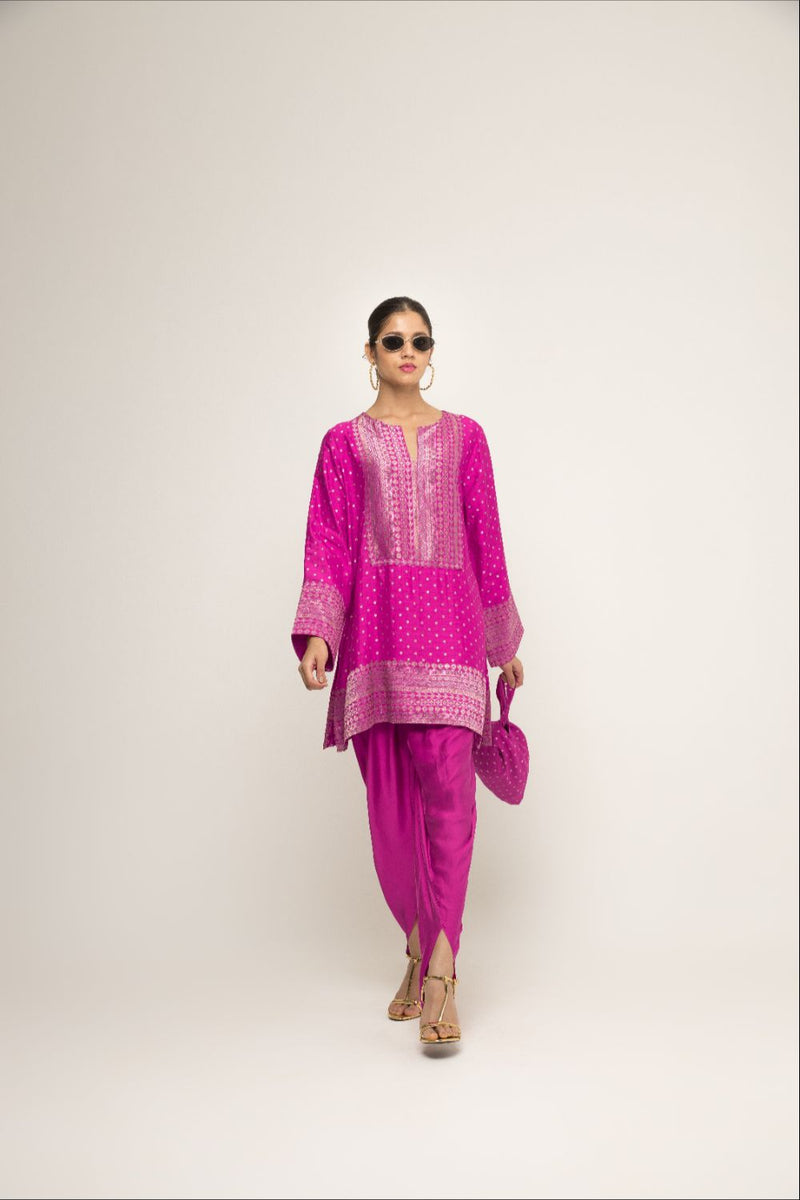 Tara- Dotted Brocade Detail Silk Kurta With Dhoti Set - Pink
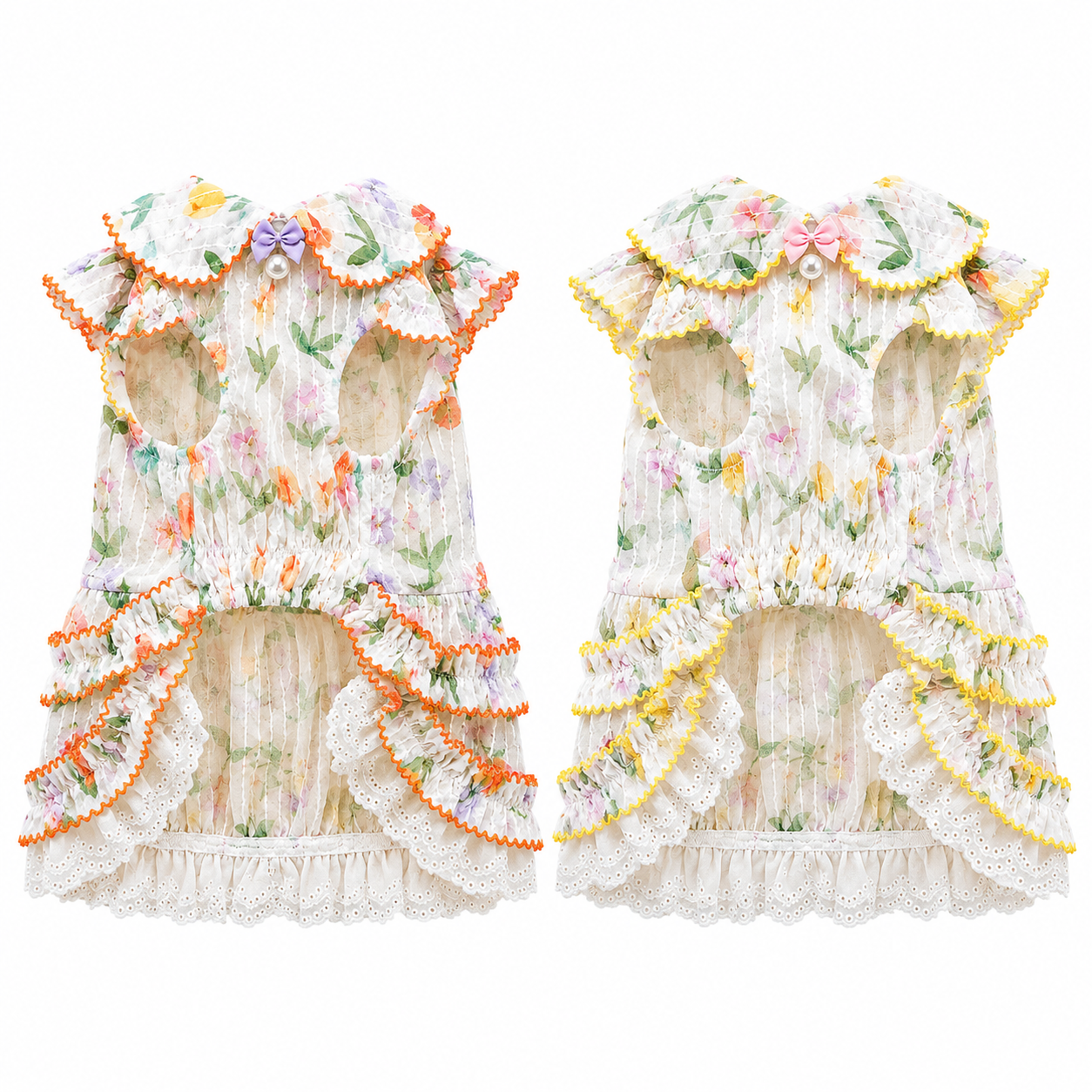 Floral Lace Dog Dress | Cottagecore Pet Princess Dress with Bow & Pearl Buttons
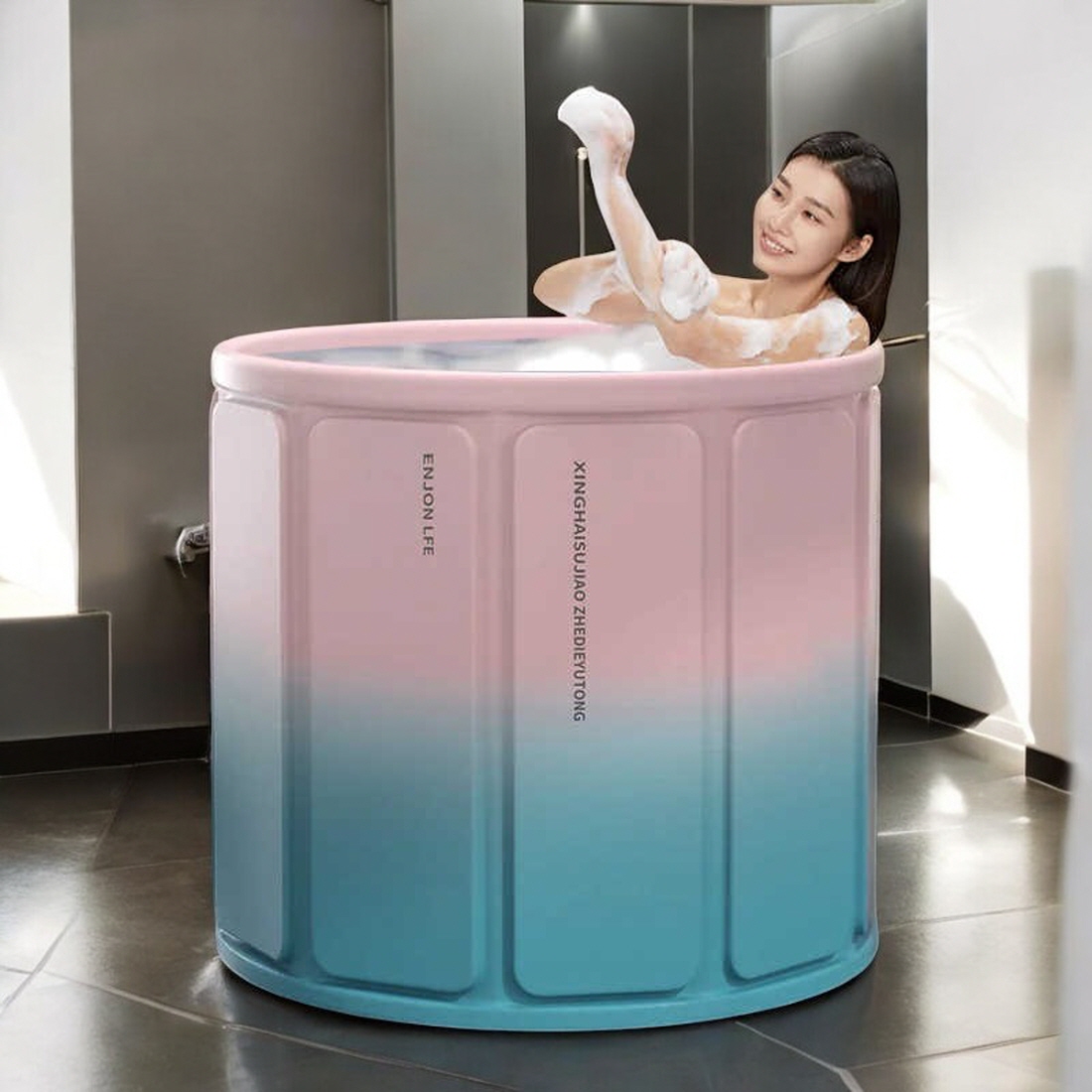 성인접이식욕조 원터치 1인 이동식 간이 반신 욕조 원룸 미니 반신욕기 가정용사우나 투톤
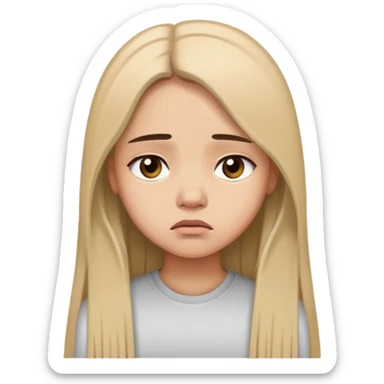 Girl showing sadness, light skin tone, long straight hair sticker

□ □ □ □

WHAT THIS TASK INVOLVES
Skipping any pictures, transcribe the full listing exactly.

RESPONSE BELOW
 Tara- Dotted Brocade Detail Silk Kurta With Dhoti Set - Pink
 Floral Lace Dog Dress | Cottagecore Pet Princess Dress with Bow & Pearl Buttons
 성인접이식욕조 원터치 1인 이동식 간이 반신 욕조 원룸 미니 반신욕기 가정용사우나 투톤
 Girl showing sadness, light skin tone, long straight hair sticker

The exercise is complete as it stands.